• [Task] Your job with the data below is to output exactly the lines from the one holding "Hello everyone and" down to the one holding "First, if you", both included, and no others.

-------- Records for the task

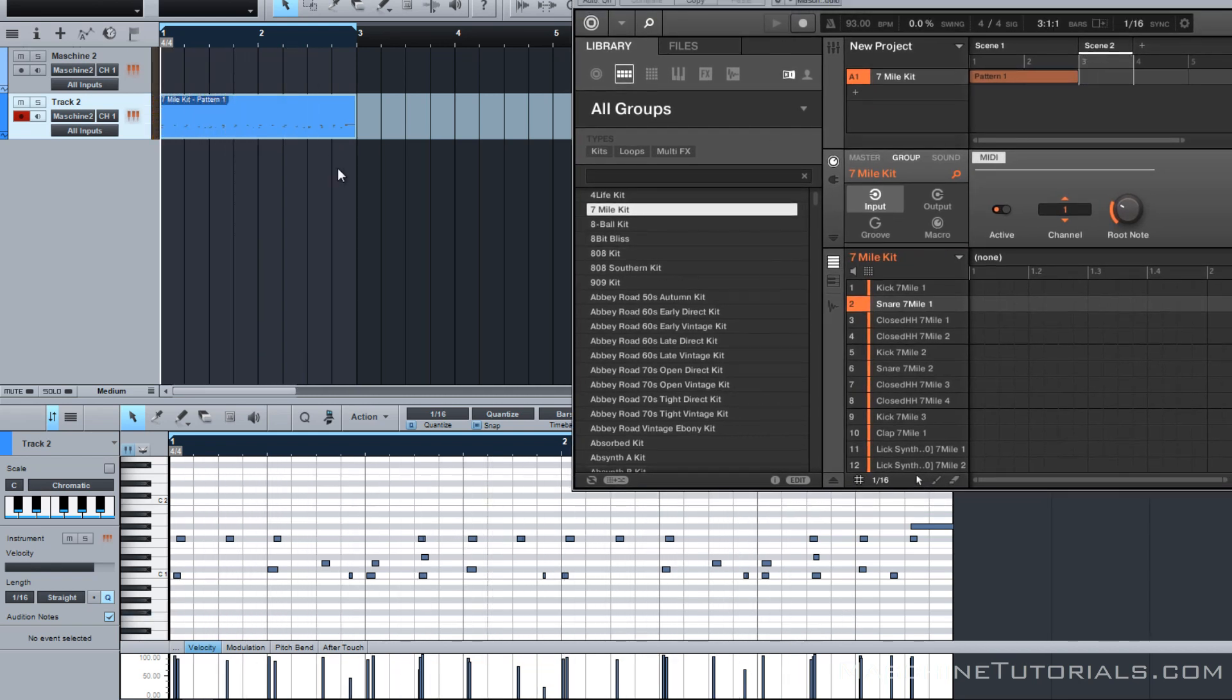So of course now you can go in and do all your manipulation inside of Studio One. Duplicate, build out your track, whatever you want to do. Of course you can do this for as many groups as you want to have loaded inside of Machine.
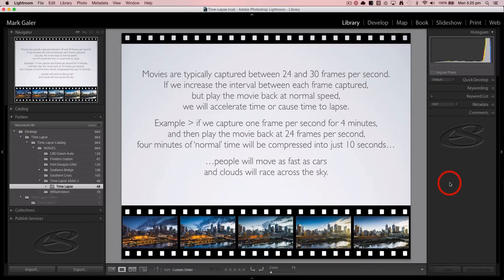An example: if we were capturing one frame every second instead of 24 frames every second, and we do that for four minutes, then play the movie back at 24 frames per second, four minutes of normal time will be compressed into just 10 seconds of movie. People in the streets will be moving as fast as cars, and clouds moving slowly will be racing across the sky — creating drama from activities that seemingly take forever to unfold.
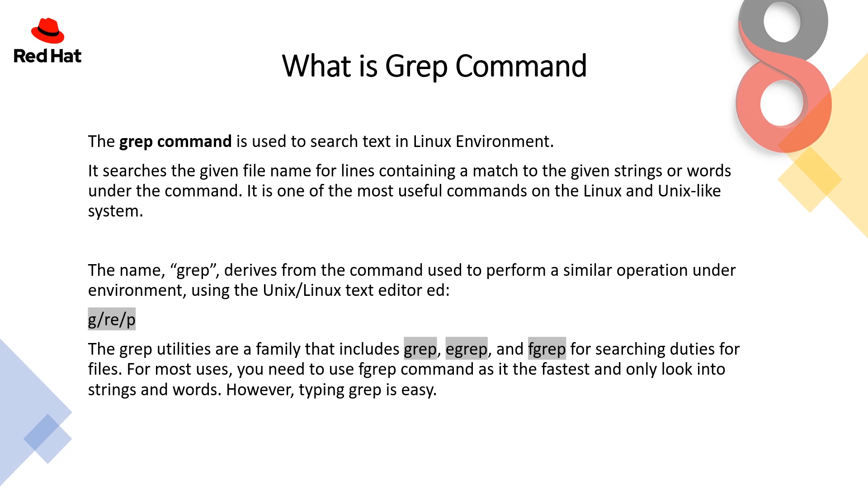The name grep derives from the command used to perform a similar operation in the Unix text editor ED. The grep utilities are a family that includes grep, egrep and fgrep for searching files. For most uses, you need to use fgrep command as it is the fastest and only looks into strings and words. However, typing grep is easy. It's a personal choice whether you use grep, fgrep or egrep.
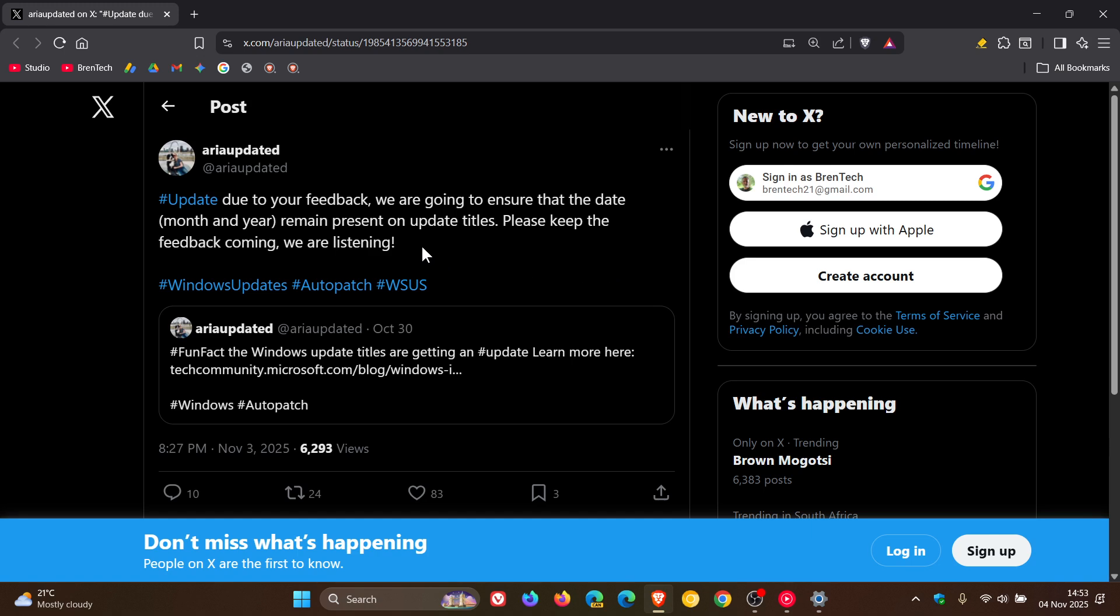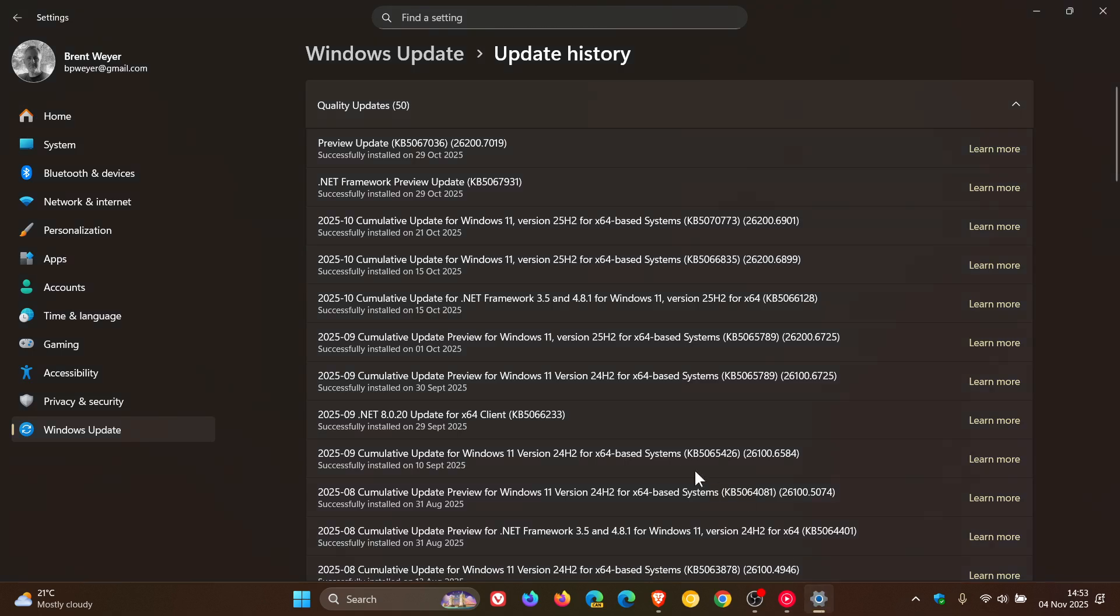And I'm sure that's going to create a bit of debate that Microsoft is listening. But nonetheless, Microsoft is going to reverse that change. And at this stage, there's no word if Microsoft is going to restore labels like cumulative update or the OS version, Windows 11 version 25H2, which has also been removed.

----------------
-------- Records for the task

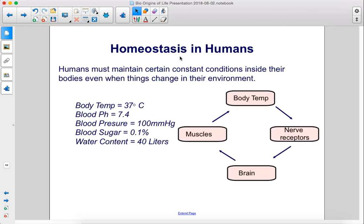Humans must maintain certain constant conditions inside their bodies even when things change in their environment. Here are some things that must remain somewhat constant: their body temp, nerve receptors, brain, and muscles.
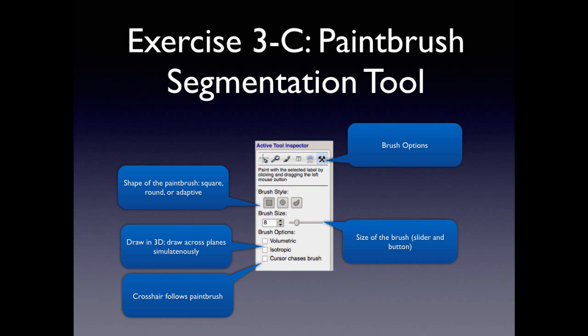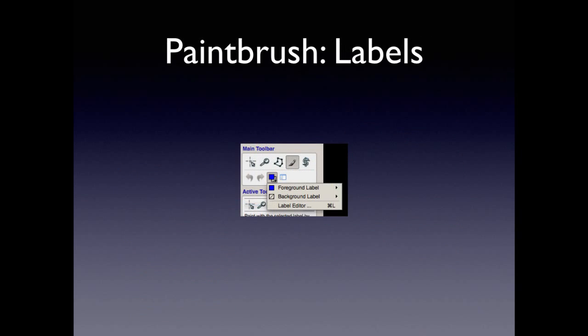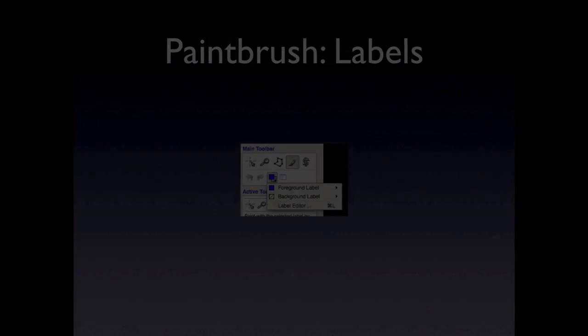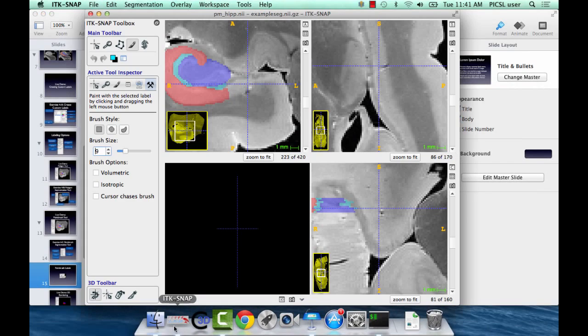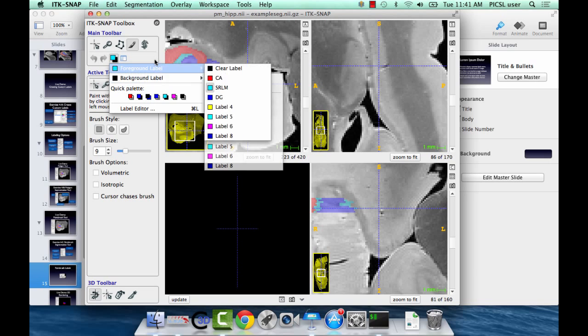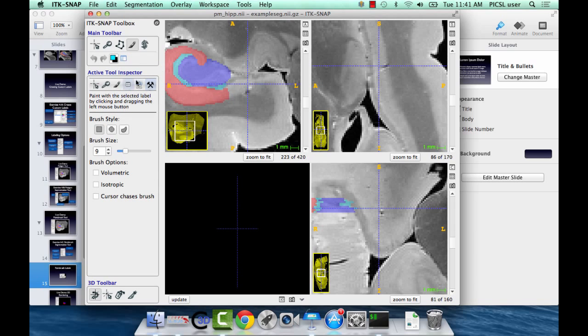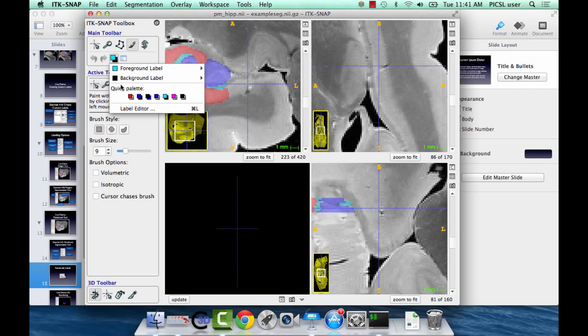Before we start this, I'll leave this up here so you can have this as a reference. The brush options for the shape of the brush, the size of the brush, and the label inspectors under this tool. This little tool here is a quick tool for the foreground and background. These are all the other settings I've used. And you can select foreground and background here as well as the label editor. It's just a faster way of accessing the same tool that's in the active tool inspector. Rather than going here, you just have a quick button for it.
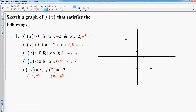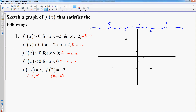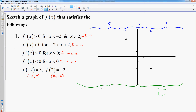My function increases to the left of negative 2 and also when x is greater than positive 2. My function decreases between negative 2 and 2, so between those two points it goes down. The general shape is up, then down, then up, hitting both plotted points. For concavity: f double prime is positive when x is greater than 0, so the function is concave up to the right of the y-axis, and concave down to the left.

----------------
-------- Records for the task

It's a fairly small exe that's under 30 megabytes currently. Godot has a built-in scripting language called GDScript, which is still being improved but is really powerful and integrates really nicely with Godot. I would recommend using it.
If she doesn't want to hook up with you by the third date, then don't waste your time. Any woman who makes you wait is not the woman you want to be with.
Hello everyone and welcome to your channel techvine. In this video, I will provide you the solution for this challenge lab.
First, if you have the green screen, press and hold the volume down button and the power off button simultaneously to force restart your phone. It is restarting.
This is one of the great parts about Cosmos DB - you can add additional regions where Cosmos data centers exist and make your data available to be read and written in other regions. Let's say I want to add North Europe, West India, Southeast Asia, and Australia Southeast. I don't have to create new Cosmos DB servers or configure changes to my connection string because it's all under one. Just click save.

----------------

• [The completed task]
Hello everyone and welcome to your channel techvine. In this video, I will provide you the solution for this challenge lab.
First, if you have the green screen, press and hold the volume down button and the power off button simultaneously to force restart your phone. It is restarting.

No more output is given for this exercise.